Procédure contentieuse antérieure :

M. B... A... a demandé au tribunal administratif de Toulouse d'annuler les décisions du 22 avril 2021 par lesquelles le préfet de la Haute-Garonne, d'une part, a prononcé son transfert aux autorités espagnoles, responsables de l'examen de sa demande d'asile, et d'autre part, l'a assigné à résidence.

Par un jugement n° 2102368 du 29 avril 2021, la magistrate désignée par le président du tribunal administratif de Toulouse a rejeté sa demande.

Procédure devant la cour :

Par une requête, enregistrée le 22 juillet 2021, M. A..., représenté par Me Cazanave, demande à la cour :

1°) d'annuler ce jugement du 29 avril 2021 de la magistrate désignée par le président du tribunal administratif de Toulouse ;

2°) d'annuler les décisions du préfet de la Haute-Garonne du 22 avril 2021 ;

3°) d'enjoindre au préfet de la Haute-Garonne de réexaminer sa situation dans un délai d'un mois à compter de la date de notification de l'arrêt à intervenir, et de lui délivrer dans l'attente une attestation de demandeur d'asile ;

4°) de mettre à la charge de l'État une somme de 1 000 euros à verser à son conseil en application des dispositions combinées de l'article 37 alinéa 2 de la loi du 10 juillet 1991 et de l'article L. 761-1 du code de justice administrative ou, en cas de défaut d'admission au bénéfice de l'aide juridictionnelle, de lui verser la même somme au titre de l'article L. 761-1 du code de justice administrative.
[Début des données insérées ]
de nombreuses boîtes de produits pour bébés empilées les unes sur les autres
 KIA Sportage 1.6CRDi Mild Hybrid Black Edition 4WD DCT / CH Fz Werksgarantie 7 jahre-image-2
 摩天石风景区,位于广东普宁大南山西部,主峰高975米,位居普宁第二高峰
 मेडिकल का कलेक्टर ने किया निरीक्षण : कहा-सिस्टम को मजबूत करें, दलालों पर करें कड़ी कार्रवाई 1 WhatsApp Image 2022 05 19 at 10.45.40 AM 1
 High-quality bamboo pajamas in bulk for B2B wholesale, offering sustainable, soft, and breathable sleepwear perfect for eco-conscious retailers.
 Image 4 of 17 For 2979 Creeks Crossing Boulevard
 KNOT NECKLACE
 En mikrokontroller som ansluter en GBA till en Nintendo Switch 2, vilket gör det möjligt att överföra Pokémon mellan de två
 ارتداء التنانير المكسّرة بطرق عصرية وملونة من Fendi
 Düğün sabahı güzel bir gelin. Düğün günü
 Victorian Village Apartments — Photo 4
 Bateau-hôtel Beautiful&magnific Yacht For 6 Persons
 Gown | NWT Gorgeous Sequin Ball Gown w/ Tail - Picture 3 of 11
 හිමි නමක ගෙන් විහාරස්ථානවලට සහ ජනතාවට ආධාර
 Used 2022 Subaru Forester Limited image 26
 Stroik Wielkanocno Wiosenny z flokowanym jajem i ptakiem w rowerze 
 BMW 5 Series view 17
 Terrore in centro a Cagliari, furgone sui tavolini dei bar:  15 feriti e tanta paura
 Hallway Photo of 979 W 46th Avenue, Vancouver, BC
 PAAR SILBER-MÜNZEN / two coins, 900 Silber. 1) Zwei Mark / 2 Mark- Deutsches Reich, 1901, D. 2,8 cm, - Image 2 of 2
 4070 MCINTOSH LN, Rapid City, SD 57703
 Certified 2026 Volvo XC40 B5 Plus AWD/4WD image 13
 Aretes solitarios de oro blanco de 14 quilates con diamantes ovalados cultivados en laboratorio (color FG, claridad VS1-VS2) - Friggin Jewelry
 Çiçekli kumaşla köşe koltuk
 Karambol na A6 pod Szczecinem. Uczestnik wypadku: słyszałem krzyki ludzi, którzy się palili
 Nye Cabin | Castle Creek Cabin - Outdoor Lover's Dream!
Il soutient que le préfet a entaché sa décision d'une erreur manifeste d'appréciation en refusant de mettre en œuvre la clause de souveraineté prévue à l'article 17 du règlement (UE) n° 604/2013 du 26 juin 2013.

Par un mémoire en production de pièces et un mémoire en défense, enregistrés le 31 août et le 9 septembre 2021, le préfet de la Haute-Garonne conclut au rejet de la requête de M. A....

Il soutient que les moyens soulevés par M. A... ne sont pas fondés et produit des pièces dont l'une indique que l'intéressé a été déclaré en fuite et que le délai de transfert a en conséquence été prolongé jusqu'au 29 octobre 2022.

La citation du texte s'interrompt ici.